Psychological scientists call this the familiarity heuristic, or the fluency bias. Ease of cognitive processing is a powerful cognitive cue to what’s familiar, and familiarity distinguishes the safe and good from the perilous. Sometimes these irrational judgments go beyond the merely quirky, and indeed can have serious consequences.

That’s the view of two UCLA scientists, David Lick and Kerri Johnson, who have been investigating the ways that familiarity and fluency, as cognitive cues, might skew our interpersonal judgments. Specifically, they believe that fluency and familiarity might play a significant part in personal prejudice, operating at the most basic cognitive level. They summarize their work, and that of others, in a forthcoming issue of the journal Current Directions in Psychological Science.

Here’s an example, having to do with the most fundamental kind of perception. We all categorize people who we encounter—put them in boxes like gay or intelligent or masculine or white. It’s simplistic to pigeonhole complex human beings, but it’s one of the tools we have for making quick sense of the world.  When Lick and Johnson studied this social categorization in the laboratory, they found that people categorized as gay were viewed less favorably than people categorized as straight, in part because their sexual orientation and gendered appearance were processed more slowly. Similarly, others have shown that biracial faces were seen as less attractive—and less favorably in general—when people had trouble classifying them by race. This line of research suggests that the fluency with which people sort others into boxes—this basically irrelevant clue powerfully shapes first impressions. In other words, sexual minorities and biracial people may experience prejudice simply because they pose a perceptual processing problem.

Vision is just one sensory process that is skewed by this cognitive bias. In another study, subjects judged the trustworthiness of English speakers, some of whom had a mild or heavy accent. They were less apt to believe statements uttered with accents, compared with the same statements in unaccented speech—and it was clearly the processing difficulty that was shaping these judgments. Similarly, another study found that people with difficult-to-pronounce names were judged to be less likeable than people with easy-to-say names. These findings are not confined to the lab either. In a naturalistic study, attorneys with difficult names held inferior positions in their firms, compared to attorneys with easy names.

In yet another study, racially diverse subjects who had trouble communicating with each other electronically—a manipulation to make communication cognitively difficult—had less interest in future interactions, compared to those with smooth interaction. Importantly, these fluency effects appeared only in interracial encounters. Fluency had no influence on the desire to interact with others of the same race, indicating that this potent cognitive bias is especially consequential in the judgments of out-group members.

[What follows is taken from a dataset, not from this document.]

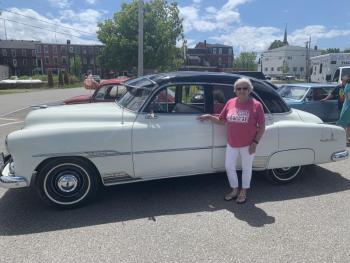 Kathleen Anderson with her ’51 Chevy. (Photo courtesy Thomaston Grammar School)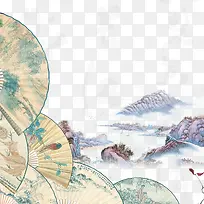 彩色中国扇子山水画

So it seems that when we perceive and process other people with ease, we judge them favorably. When we have difficulty—for whatever reason—we judge them negatively. Since our perceptual system is called upon to make near-constant judgments in a complex world, it’s unsurprising that we use mental tools to simplify this overwhelming task. Yet as helpful as these tools may be for making quick sense of the world, this cognitive machinery underlies the pervasive and hateful prejudices that fuel everything from overt discrimination to genocide.